HDF5 (Hierarchical Data Format version 5) is a file format and library designed for storing and managing large, complex scientific datasets. It provides a flexible, efficient structure for organizing heterogeneous data with metadata.
Key Features
- Hierarchical organization: Store data in groups and datasets, similar to filesystem directories
- Self-describing: Metadata embedded within the file structure
- Efficient storage: Compression and chunking for large arrays
- Cross-platform: Consistent format across operating systems and languages
- Partial I/O: Read subsets of large datasets without loading entire file
Scientific Applications
HDF5 is widely used in neuroscience for:
- Multi-channel electrophysiology recordings
- Calcium imaging time series
- Simulation outputs and model parameters
- Large-scale experimental metadata
Python Integration
import h5py
import numpy as np
# Write data
with h5py.File('experiment.h5', 'w') as f:
# Create groups
recording = f.create_group('recording')
# Store datasets
recording.create_dataset('traces', data=neural_data)

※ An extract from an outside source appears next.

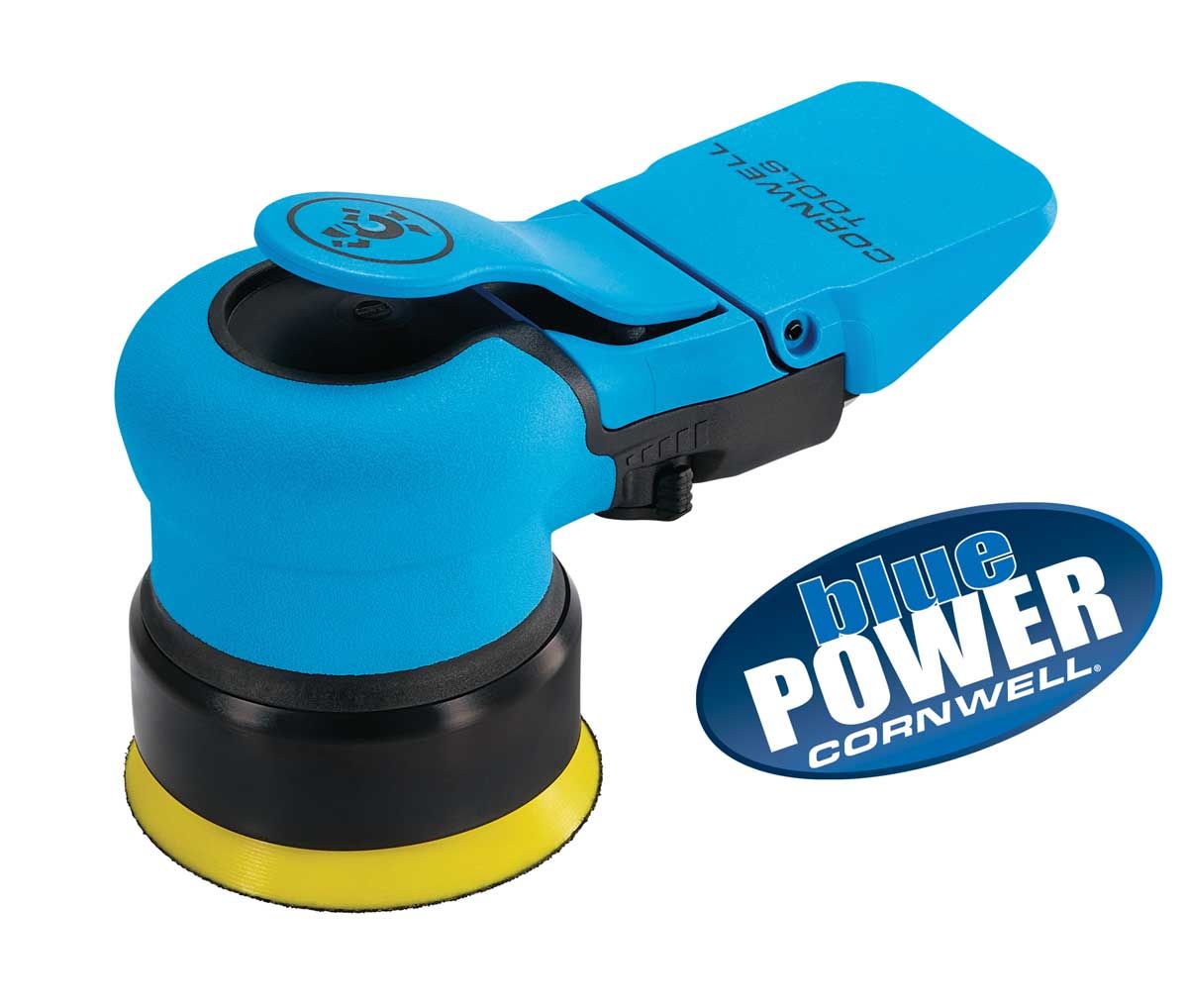 CAT330 - 3/32" 3" Cornwell® bluePOWER® Orbital Sander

recording.create_dataset('timestamps', data=timestamps)
# Add metadata
recording.attrs['sampling_rate'] = 30000
recording.attrs['subject_id'] = 'S01'
# Read data
with h5py.File('experiment.h5', 'r') as f:
traces = f['recording/traces'][:]
rate = f['recording'].attrs['sampling_rate']
When to Use HDF5
Best for:
- Large multidimensional arrays (>1GB)
- Complex hierarchical data structures
- Data requiring partial access
- Long-term archival storage
Consider alternatives for:
- Simple tabular data (use Parquet or CSV)
- Small datasets (<100MB)
- Highly nested JSON-like structures